Eine ROC-Kurvenanalyse evaluierte die diagnostische Leistung des Kapillardurchmessers für CSFP. Die Fläche unter der Kurve (AUC) betrug 0,7852, was auf eine moderate diagnostische Genauigkeit hinweist. Dies unterstreicht den potenziellen Einsatz der Methode als nicht-invasives Screeningtool.

Pathophysiologische Implikationen

Die beobachtete Kapillardilatation könnte einen kompensatorischen Mechanismus zur Aufrechterhaltung der Gewebeperfusion bei reduziertem Koronarfluss darstellen.
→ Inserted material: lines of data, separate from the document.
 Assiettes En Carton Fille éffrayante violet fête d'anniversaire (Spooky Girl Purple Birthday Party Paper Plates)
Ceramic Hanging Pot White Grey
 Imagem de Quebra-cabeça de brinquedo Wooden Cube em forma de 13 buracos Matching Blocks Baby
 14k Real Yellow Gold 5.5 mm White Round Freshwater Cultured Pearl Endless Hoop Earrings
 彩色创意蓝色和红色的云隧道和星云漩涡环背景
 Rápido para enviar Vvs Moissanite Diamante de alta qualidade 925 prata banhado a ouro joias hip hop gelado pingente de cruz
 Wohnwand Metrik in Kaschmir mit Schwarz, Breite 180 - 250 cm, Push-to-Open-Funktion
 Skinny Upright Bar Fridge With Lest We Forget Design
Die Korrelation zwischen Kapillardurchmesser und CTFC betont die Rolle mikrovaskulärer Dysfunktion in der CSFP-Pathogenese.
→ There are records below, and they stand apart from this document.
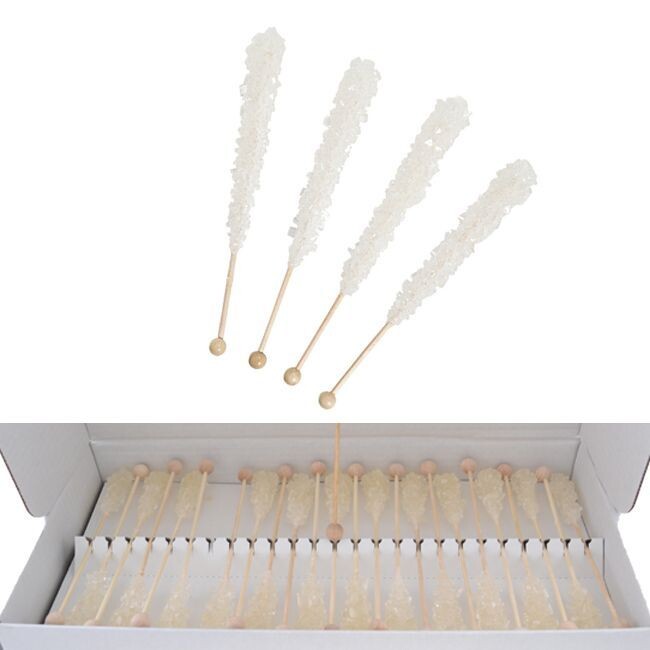 Rock Candy sucre blanc candi en batonnets 100pc Candico (Suiker)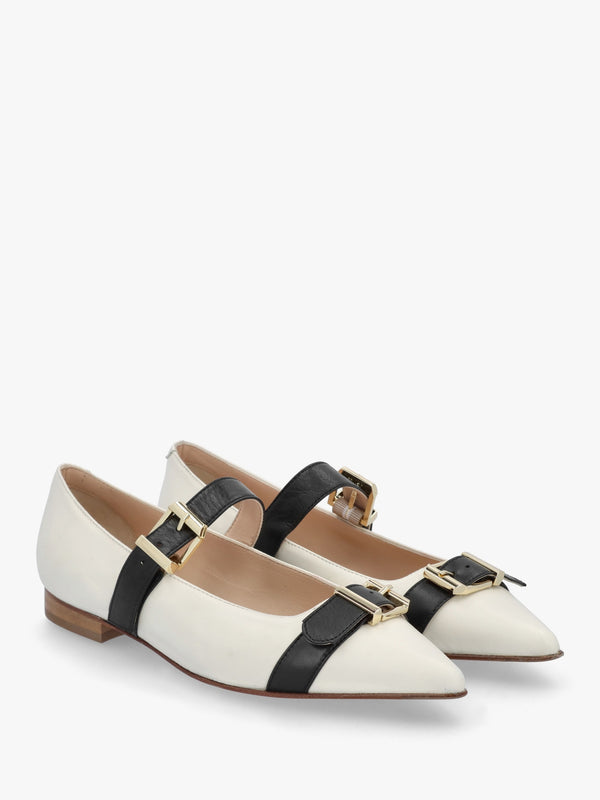 Nancy White Leather Pointed Toe Pumps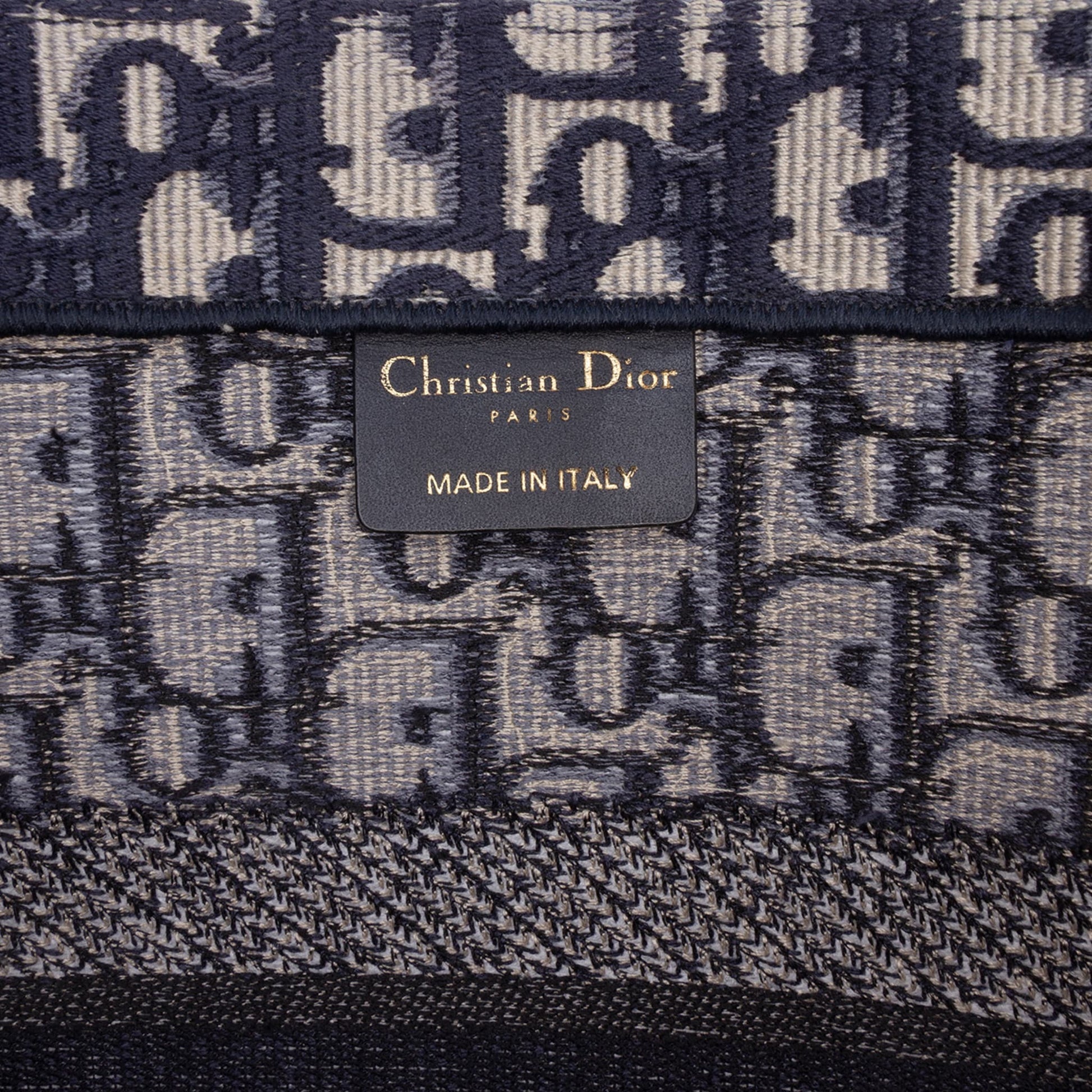 Second hand Dior Book Tote Medium Canvas Embroidery Handbag Oblique Blue - Tabita Bags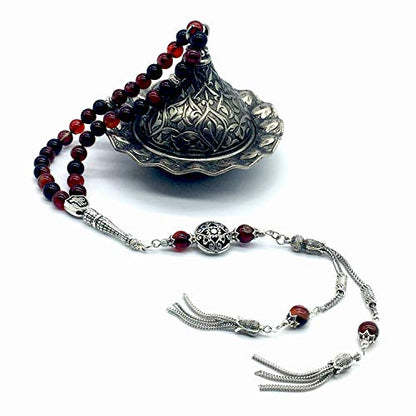 Design - New Long & Stylist Tassels Worry Beads - Prayer Beads (8 mm-33 Beads) Tesbih-Tasbih-Tasbeeh-Misbaha-Subha-Sebha-Sibha-Rosary (Miracle Agate - Twin Tassel) - color: Miracle Agate - Twin Tassel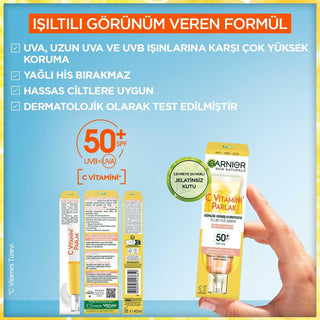 garnier c vitamin bright daily sunscreen fluid in 40ml, garnier sunscreen showing texture and packaging Garnier C Vitamin Bright Daily Sunscreen Fluid - SPF50 | 40ml Garnier C Vitamin Bright Daily Sunscreen SPF50 - 40ml garnier, c-vitamin, sunscreen, spf50, daily-skincare, skin-care, vegan, uv-protection, brightening, ai-generated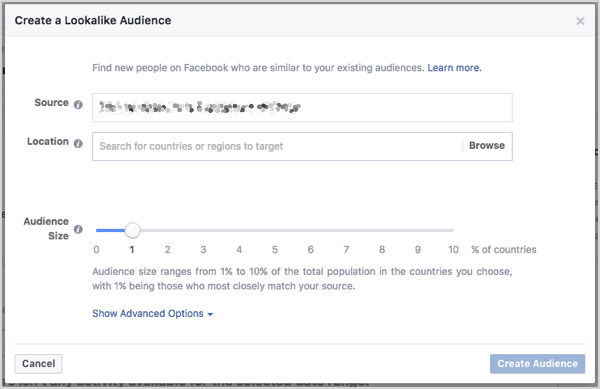 Nastavite Facebook velikost občinstva. Velikost lahko nadzirate z drsnikom, ki se prikaže, ko ustvarite občinstvo.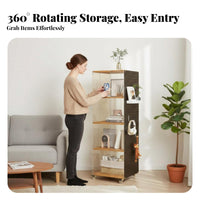 Large Capacity Rolling Pegboard Shelf Space-Saving Design Storage Rack Multipurpose Home Furniture Sturdy Construction for Collectors, Students, Homeowners, Living Room, Bedroom, Office, Small Areas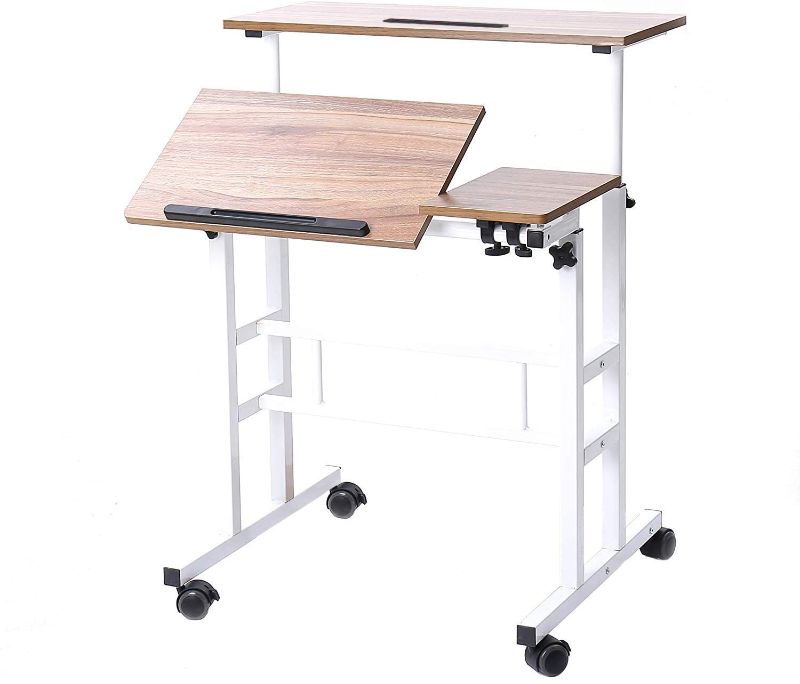 Photo 1 of DlandHome Sit-Stand Desk Cart Mobile Height-Adjustable Sit to Stand Office Desk Riser Standing Table Workstation Mobile Desk, Oak, 101-2-OK
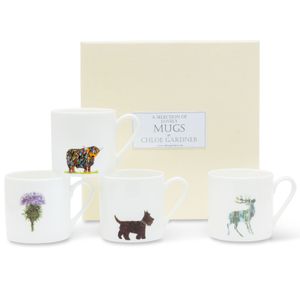 ESPRESSO MUGS GIFT SET - FOUR espresso mugs (Colourful Highland Cow, Stag, Thistle, Scottie Dog) with coffee in a luxury gift box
Klinische Anwendungen und zukünftige Forschung

Die Nagelfalzkapillarmikroskopie bietet eine einfache, kosteneffektive Methode zur Diagnose und Verlaufsbeurteilung des CSFP. Sie ermöglicht die Evaluation mikrovaskulärer Veränderungen und könnte die Therapiesteuerung unterstützen. Zukünftige Studien sollten die Befunde in größeren Kohorten validieren und die zugrundeliegenden Mechanismen aufklären. Längsschnittdaten zur Prognoseabschätzung (z. B. Infarktrisiko) sind ebenfalls erforderlich.

Schlussfolgerung

Diese Studie belegt, dass die Nagelfalzkapillarmikroskopie ein vielversprechendes nicht-invasives Verfahren zur Detektion mikrovaskulärer Abnormalitäten bei CSFP-Patienten darstellt. Sie trägt zum pathophysiologischen Verständnis bei und ergänzt invasive Diagnostikmethoden. Durch die Möglichkeit des Routine-Monitorings könnte sie die Patientenversorgung verbessern.